Unsuspecting Internet users were greeted Friday with an e-mail message purportedly from windowsupdate@microsoft.com to update their computers. The message has the subject line: Windows XP Service Pack 1 (Express) - Critical Update. Problem is, the message isn't from Microsoft and the patch is actually a back door Trojan."

This particular Trojan, called Xombe, downloads a file that launches DoS attacks. I heard about this today from my EDUCAUSE subscription, and when I saw you were getting hit again, it rang a bell.
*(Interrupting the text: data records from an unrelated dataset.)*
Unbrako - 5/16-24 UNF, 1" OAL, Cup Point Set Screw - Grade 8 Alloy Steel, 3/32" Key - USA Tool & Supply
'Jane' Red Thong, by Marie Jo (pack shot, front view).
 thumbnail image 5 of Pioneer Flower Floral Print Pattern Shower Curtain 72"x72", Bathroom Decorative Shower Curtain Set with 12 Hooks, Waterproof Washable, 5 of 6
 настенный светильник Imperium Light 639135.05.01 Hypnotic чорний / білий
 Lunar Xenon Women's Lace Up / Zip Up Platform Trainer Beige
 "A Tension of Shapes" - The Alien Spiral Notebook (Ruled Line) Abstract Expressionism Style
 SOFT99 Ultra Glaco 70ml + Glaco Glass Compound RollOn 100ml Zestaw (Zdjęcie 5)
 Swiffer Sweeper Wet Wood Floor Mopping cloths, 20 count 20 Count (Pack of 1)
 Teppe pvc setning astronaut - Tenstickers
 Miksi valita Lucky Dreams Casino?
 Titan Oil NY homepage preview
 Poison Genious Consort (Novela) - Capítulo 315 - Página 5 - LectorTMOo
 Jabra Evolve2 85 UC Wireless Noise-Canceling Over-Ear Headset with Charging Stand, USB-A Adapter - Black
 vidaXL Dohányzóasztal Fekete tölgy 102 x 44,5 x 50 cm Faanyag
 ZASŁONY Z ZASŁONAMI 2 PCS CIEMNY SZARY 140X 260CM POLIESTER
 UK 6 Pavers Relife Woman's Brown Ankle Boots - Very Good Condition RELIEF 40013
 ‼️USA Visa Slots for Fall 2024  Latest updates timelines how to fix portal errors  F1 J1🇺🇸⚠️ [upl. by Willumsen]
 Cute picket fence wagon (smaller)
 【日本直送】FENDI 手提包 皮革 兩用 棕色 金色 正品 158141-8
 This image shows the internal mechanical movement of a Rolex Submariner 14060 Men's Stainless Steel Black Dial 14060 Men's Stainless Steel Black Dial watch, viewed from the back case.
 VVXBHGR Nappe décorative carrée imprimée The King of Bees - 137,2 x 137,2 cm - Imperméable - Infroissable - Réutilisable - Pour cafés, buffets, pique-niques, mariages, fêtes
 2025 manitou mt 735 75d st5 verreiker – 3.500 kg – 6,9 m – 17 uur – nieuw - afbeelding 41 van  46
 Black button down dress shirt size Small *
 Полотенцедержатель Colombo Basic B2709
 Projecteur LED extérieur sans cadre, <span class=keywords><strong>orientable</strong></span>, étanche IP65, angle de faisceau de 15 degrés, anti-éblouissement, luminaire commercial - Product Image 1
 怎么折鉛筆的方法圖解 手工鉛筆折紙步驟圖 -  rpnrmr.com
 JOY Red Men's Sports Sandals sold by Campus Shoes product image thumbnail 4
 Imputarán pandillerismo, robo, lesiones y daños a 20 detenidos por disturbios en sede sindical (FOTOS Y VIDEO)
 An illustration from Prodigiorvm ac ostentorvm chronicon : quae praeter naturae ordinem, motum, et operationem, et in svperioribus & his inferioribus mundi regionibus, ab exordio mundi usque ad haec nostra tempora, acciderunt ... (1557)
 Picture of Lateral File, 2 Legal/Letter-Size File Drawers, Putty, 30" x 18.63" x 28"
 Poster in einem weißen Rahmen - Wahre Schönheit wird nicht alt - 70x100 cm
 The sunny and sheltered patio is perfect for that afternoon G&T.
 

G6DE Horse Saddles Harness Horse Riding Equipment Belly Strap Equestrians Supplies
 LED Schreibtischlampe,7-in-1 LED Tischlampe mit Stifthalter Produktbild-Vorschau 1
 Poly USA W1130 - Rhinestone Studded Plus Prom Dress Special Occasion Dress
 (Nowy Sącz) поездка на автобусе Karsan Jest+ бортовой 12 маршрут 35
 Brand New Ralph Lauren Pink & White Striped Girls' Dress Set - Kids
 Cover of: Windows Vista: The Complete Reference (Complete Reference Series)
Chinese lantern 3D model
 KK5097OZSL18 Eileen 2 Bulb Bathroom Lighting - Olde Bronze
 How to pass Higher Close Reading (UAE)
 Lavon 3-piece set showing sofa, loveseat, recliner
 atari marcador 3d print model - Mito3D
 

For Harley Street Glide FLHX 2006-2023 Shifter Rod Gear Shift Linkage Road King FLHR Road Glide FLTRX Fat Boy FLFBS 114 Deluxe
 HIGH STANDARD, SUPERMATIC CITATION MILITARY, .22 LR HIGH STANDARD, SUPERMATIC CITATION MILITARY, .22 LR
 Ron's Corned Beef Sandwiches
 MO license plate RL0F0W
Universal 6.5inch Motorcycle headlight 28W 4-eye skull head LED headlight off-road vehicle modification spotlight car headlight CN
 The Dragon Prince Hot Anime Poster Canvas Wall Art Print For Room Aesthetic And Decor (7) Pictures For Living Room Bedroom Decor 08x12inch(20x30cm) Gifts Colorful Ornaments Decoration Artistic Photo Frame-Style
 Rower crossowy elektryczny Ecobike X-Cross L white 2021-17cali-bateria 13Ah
#11 ::: Patrick Nielsen Hayden ::: (view all by) ::: January 12, 2004, 11:03 PM:

Not related. Although the Windows trojan did occasion a warning from our corporate systems department this morning.

#12 ::: Scott ::: (view all by) ::: January 12, 2004, 11:08 PM:

Worth a shot. Maybe someone will reconize it and NOT download that particular nasty.

Good luck getting this one shut down.

#13 ::: Reimer Behrends ::: (view all by) ::: January 12, 2004, 11:11 PM:

While I don't have a weblog, I run a few wikis, and some of them got recently hit by spam attempts as well. And as with weblogs or guestbooks, it is hard to keep wikis from being abused by bots. Now, I have developed some techniques to keep them out, several of which are probably also used by weblogs.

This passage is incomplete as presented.